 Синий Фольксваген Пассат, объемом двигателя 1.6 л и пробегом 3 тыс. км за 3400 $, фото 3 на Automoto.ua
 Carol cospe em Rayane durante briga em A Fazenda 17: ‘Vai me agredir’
____________
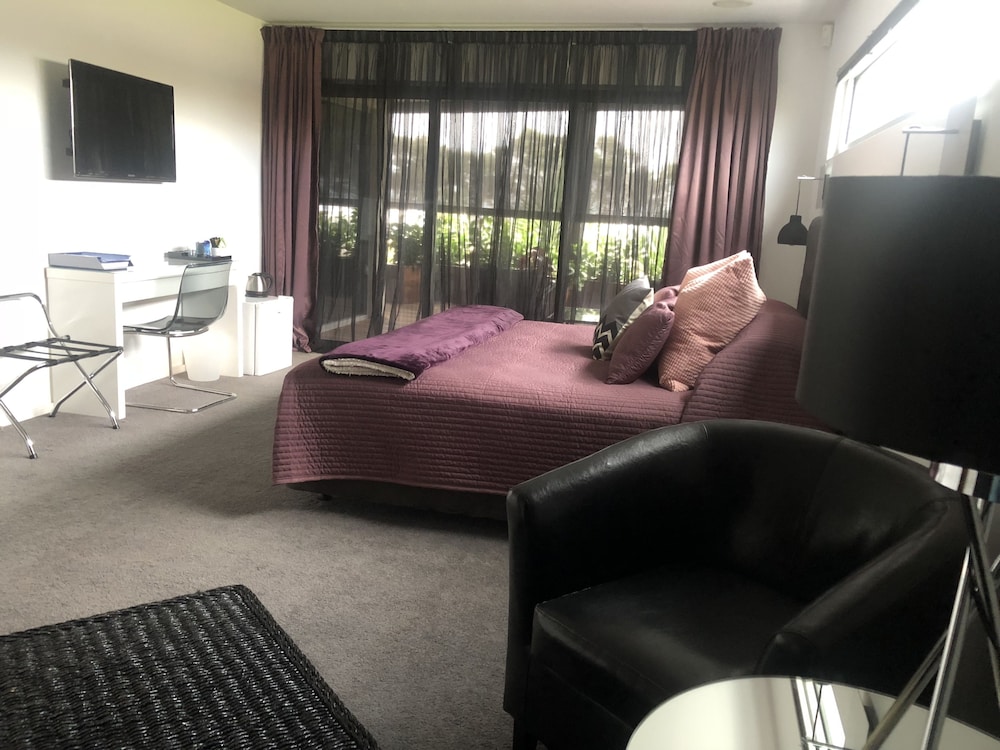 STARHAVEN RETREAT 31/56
____________
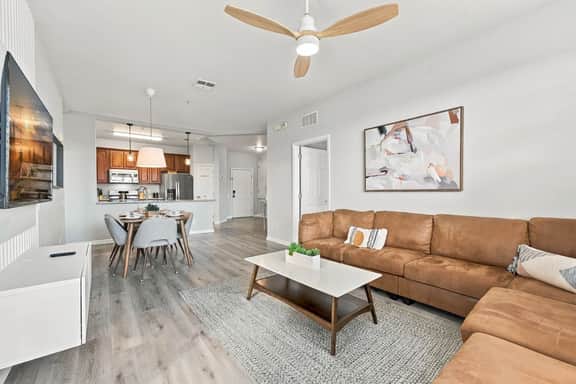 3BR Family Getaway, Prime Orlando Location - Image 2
____________
> **Requirement**
Copy the records above exactly, beginning at the line that contains "Синий Фольксваген Пассат, объемом" and stopping after the line that contains "Carol cospe em".

> **Task output**
 Синий Фольксваген Пассат, объемом двигателя 1.6 л и пробегом 3 тыс. км за 3400 $, фото 3 на Automoto.ua
 Carol cospe em Rayane durante briga em A Fazenda 17: ‘Vai me agredir’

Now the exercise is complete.